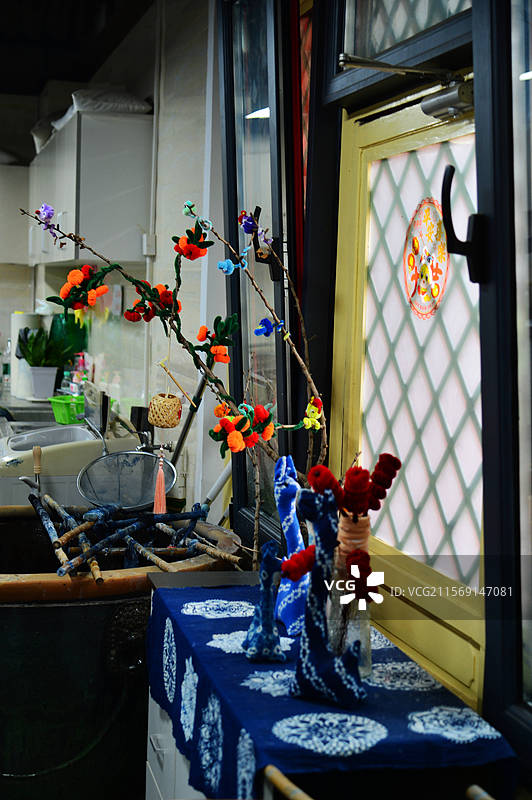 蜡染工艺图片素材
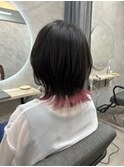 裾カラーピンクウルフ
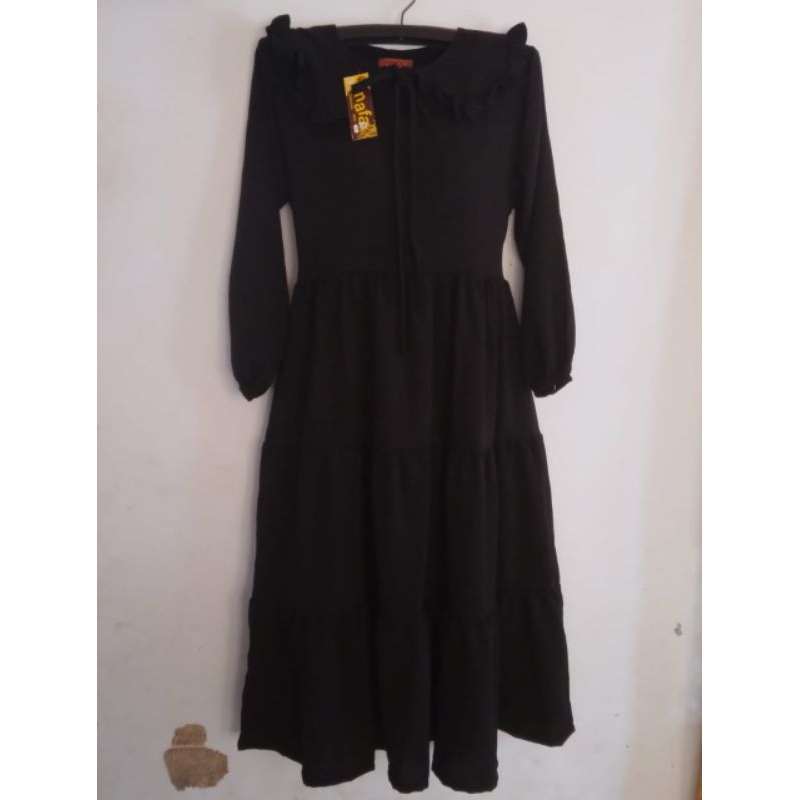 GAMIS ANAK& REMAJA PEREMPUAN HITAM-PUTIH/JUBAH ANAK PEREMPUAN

********************

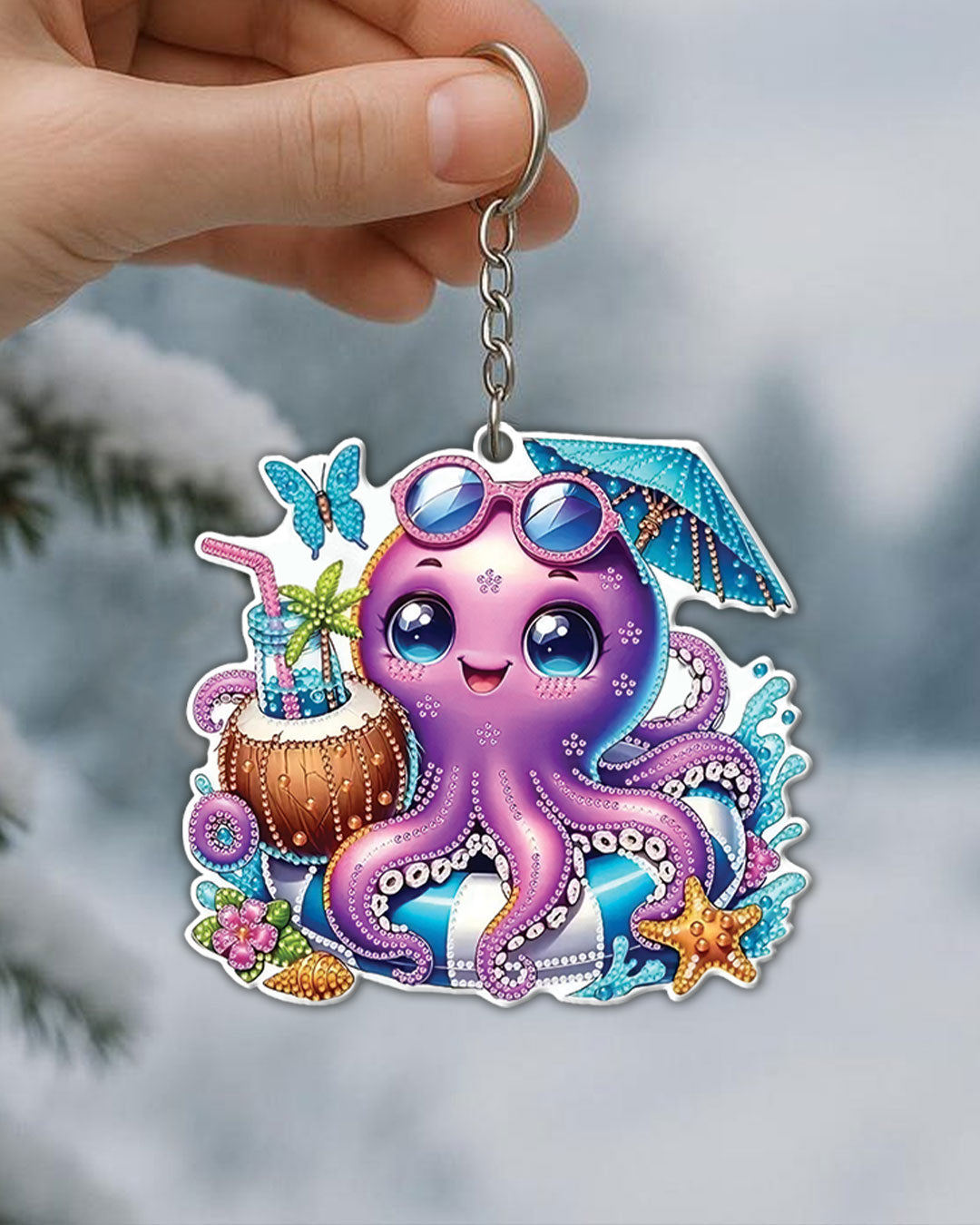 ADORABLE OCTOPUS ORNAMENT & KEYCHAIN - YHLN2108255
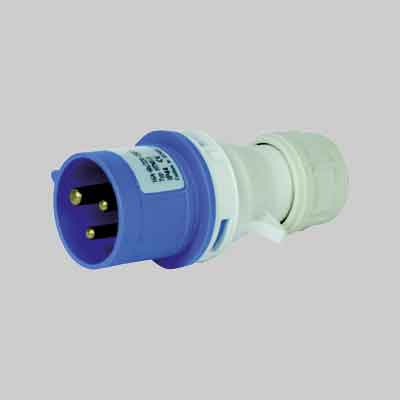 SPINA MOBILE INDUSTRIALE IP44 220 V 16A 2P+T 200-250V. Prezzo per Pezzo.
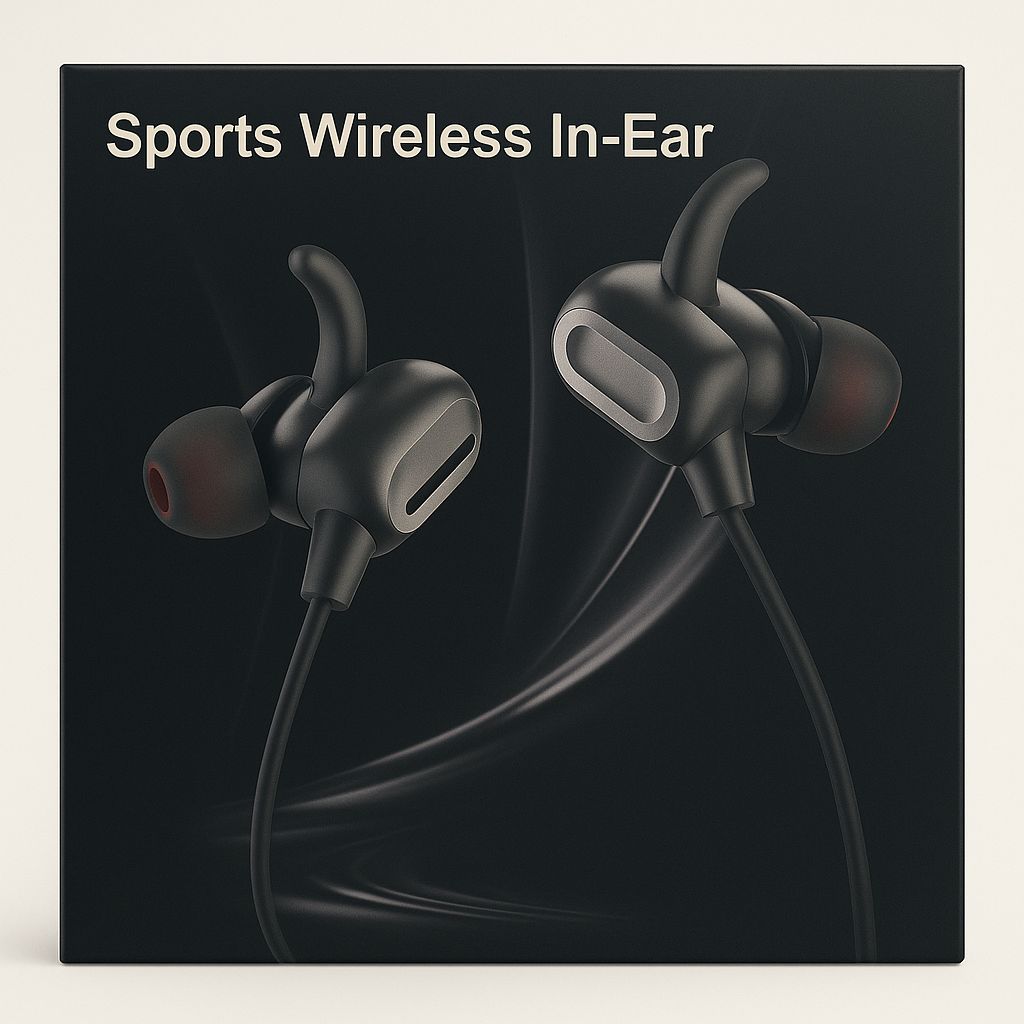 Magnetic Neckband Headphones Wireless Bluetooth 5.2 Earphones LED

********************

Problem statement ->
Between and including the line above that contains "SPINA MOBILE INDUSTRIALE" and the line that contains "Magnetic Neckband Headphones", restate every line word for word. Pictures stay out.

Answer for this exercise ->
 SPINA MOBILE INDUSTRIALE IP44 220 V 16A 2P+T 200-250V. Prezzo per Pezzo.
 Magnetic Neckband Headphones Wireless Bluetooth 5.2 Earphones LED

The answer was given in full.